I've done a fair amount of Aikido and a lot of Hapkido (and other arts). I think that when it comes to self defense, Aikido, as it is frequently taught, by itself, is a long road to follow if your goal is defending yourself from assault. If you want to be able to defend yourself from a mugging or a drunk jerk in a bar you're probably going to be a *lot* more effective a *lot* faster if you go study boxing, BJJ, or some TMA that's focused on quickly developing basic fighting skills. Your Aikido is likely to be a lot better if you've done those things as well. 

That being said, if your goal is protecting yourself from injury, getting really practiced at any art that deeply ingrains good, reflexive, high falls and break falls will likely serve you very well and Aikido is probably one of the better choices for developing this skill. I know that I've avoided potentially serious injury several times because I instinctively respond with a mostly respectable break fall or roll when I lose my footing or get knocked over even though it's been close to 20 years since I last spent a lot of time doing high falls.

One of the most impressive examples of martial arts application for self protection I've ever seen in a real world situation was by a friend of mine with several years of Judo and Hapkido training. This was 20 years ago when he was moving into a new apartment.

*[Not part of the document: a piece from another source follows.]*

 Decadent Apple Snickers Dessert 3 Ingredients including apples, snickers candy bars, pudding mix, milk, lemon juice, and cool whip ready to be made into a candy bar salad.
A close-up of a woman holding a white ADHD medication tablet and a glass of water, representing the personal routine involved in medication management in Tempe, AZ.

He was carrying a *huge* CRT TV - he was 6'3" and weighed about 230lbs. without a lot of excess fat and the TV was still a struggle for him to carry by himself. He couldn't see where he was going very well and stepped off the sidewalk into a gravel filled gardening bed. Both of his feet shot straight out from under him, he fell straight backwards onto concrete and the TV shot straight up in the air! He executed a perfect breakfall on the sidewalk, slapped, bounced up and caught the TV and cradled it to his chest, then just as he was about to hit the ground again once again slapped off the ground re-caught the TV and eased it down on top of himself. He walked away from it with no injury at all and the TV was undamaged. I'm pretty sure he hasn't had to use either Judo or Hapkido to defend himself from attack but they sure saved him from injury that time!


----------



## stanly stud

I like chain punches or arrow punches as they are called. However i train other punches upper cut.  Even swinging outer punches can be useful in a fight.
I believe Choy lay Fut use a lot of swinging punches. Only saw it a couple of times.


----------



## isshinryuronin

Hanshi said:


> I mean they are at bizarre angles and damage to the joints occurs BEFORE the fall begins.





Hanshi said:


> taught very small circles as opposed to the grand, sweeping circles that look so beautiful in videos.

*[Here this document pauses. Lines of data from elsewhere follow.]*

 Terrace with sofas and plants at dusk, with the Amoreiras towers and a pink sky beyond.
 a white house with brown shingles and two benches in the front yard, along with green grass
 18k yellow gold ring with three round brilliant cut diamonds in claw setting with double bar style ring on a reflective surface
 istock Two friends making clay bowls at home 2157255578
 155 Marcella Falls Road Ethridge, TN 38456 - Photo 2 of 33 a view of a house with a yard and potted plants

Not an Aikido guy (though I read "The Dynamic Sphere" with interest), but as an Okinawan TMA guy, the joint locks and subsequent takedowns are as you describe - tight and close in with damage done before the opponent is on his way down.  Like the style you were referencing, _seito_ Okinawan karate does not have much flair to the untrained eye.


----------



## Hanzou

If you find a real Aikido school, yes.

The problem is that there's so many bad Aikido schools out there that it makes finding a real one very difficult.

You're honestly better off just looking into a Judo or Bjj school. Especially Judo if you're looking for that Japanese flavor. Once you get your black belt in Judo (or Purple in Bjj), you can pretty much go to any Aikido school you want and apply their principles to what you already know.


----------



## Gerry Seymour

Hanzou said:


> If you find a real Aikido school, yes.
> 
> The problem is that there's so many bad Aikido schools out there that it makes finding a real one very difficult.
> 
> You're honestly better off just looking into a Judo or Bjj school. Especially Judo if you're looking for that Japanese flavor. Once you get your black belt in Judo (or Purple in Bjj), you can pretty much go to any Aikido school you want and apply their principles to what you already know.


I'd argue you don't need to get to black/purple for that to be true. A solid BJJ blue belt (if coming from a school that does sufficient standing work) would have a reasonable grasp on the grappling principles needed to understand how to apply what's being developed in those Aikido drills. I'm not sure what level of Judo player I'd say here, but if they've trained a year at a good place, that's probably enough foundation to change how they view Aikido.


----------



## Hanzou

gpseymour said:


> I'd argue you don't need to get to black/purple for that to be true. A solid BJJ blue belt (if coming from a school that does sufficient standing work) would have a reasonable grasp on the grappling principles needed to understand how to apply what's being developed in those Aikido drills. I'm not sure what level of Judo player I'd say here, but if they've trained a year at a good place, that's probably enough foundation to change how they view Aikido.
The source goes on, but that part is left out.